The present invention relates to ink jet printers and, more particularly, to such a printer in which the jet drop deflection electrode structure is heated above the ambient temperature to preclude drop condensation and accumulation thereon.
As shown in U.S. Pat. No. 3,701,998, issued Oct. 31, 1972, to Mathis, printers of the type to which the present invention relates may generally include a print head which has a fluid receiving reservoir and an orifice plate communicating with the reservoir. The orifice plate defines at least one row, and in a printer such as shown in Mathis, two rows of jet orifices through which ink is forced under pressure to form a plurality of jet drop streams. A fluid ink filament emerges from each of the orifices and drops of substantially uniform size are formed periodically from the filament tips. The regularity of drop formation is enhanced through one of a number of drop stimulation techniques, which may include mechanical stimulation of the entire print head structure or of the orifice plate, as shown in U.S. Pat. No. 3,739,393, issued June 12, 1973, to Lyon et al.
Charging electrodes are positioned adjacent the points at which the drops are formed and induce selectively charged drops in each of the jet drop streams. The jet drop streams thereafter pass through a deflection field which separates the charged and uncharged drops, a portion of the drops being directed in a catch trajectory and the remainder of drops being directed in a print trajectory. In the Mathis printer, two such rows of jet drop streams are provided with a pair of drop catchers positioned parallel to the jet drop stream rows and spaced outwardly therefrom. A deflection electrode is positioned between the rows of jet drop streams and has an electrical deflection potential impressed thereon which deflects the charged drops outwardly such that they strike the catchers. The uncharged drops, however, pass unaffected through the deflection field and strike a print receiving medium, collectively forming a print image thereon. Formation of the print image, therefore, is controlled by controlling charging of the drops in the drop streams.
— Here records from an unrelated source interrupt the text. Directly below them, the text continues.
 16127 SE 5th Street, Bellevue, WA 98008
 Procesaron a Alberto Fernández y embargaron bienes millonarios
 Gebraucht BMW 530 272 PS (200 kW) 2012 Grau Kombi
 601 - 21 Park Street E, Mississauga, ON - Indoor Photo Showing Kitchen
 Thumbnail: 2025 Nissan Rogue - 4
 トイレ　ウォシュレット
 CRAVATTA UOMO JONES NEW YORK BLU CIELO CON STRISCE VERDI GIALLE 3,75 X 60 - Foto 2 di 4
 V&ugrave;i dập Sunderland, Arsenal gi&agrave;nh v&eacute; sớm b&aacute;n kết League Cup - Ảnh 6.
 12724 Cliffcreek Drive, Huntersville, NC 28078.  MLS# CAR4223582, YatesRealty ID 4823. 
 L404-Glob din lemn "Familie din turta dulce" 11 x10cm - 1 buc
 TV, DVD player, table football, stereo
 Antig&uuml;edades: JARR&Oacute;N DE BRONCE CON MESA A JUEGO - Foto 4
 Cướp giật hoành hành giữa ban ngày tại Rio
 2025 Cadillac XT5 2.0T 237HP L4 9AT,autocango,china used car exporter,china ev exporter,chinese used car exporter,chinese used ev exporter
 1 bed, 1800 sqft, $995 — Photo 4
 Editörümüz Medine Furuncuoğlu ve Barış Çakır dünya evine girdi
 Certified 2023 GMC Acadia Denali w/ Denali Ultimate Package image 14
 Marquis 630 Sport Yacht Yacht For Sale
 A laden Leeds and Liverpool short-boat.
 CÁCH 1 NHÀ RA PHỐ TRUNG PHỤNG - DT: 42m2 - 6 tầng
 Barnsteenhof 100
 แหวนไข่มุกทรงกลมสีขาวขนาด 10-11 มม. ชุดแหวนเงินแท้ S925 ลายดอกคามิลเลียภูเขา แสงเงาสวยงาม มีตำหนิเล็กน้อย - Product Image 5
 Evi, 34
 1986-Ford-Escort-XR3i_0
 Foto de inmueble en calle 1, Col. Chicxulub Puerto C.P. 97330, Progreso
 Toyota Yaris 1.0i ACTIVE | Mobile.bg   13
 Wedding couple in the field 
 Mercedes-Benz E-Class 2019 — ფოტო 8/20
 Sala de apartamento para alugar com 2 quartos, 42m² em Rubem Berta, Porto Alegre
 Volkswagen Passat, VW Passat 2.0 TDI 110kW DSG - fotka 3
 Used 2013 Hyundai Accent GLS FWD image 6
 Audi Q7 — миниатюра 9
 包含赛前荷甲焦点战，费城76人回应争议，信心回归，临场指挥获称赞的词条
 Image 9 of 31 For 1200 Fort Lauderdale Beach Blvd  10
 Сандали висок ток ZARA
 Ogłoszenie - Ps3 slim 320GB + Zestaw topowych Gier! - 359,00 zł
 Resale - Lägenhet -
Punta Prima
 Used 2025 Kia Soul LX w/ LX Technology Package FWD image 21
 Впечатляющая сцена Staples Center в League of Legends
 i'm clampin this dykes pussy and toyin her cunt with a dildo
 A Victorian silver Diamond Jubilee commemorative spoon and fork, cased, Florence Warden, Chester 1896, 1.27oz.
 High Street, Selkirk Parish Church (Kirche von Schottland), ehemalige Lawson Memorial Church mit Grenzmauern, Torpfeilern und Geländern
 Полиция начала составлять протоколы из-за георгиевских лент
In order to produce the desired deflection of the charged drops outwardly to the catchers, a relatively high d.c. electrical potential, on the order of 1,000 volts, is applied to the deflection electrode. The catchers are generally formed of electrically conductive material and are typically grounded such that a deflection field is created which extends between each of the catchers and the deflection electrode.
The drop stimulation technique known in the prior art generally result in jet drop streams of uniformly sized drops which are regularly spaced along the stream trajectory. Nevertheless, much smaller drops, termed "satellite drops," may occasionally be formed, giving rise to an ink mist consisting of extremely small drops which may be uncharged or may be charged to varying charge levels of either charge polarity. While very little mist may be present at any one time, the droplets forming the mist may gradually build over a period of time on various portions of the printer structure, including the deflection electrode. Since the ink used in printers of this type is generally conductive, buildup of such ink on the high voltage deflection electrode is extremely undesirable in that the deflection electrode may be shorted to adjacent grounded printer structure by the electrically conductive ink. Shorting of the deflection electrode to associated printer structure for substantial periods may result in excessive current flow from the deflection electrode power supply circuitry, thus overloading the power supply circuit. Additionally, such extended shorting of the deflection electrode may result in the deflection field collapsing such that charged drops are not deflected outward sufficiently to be caught.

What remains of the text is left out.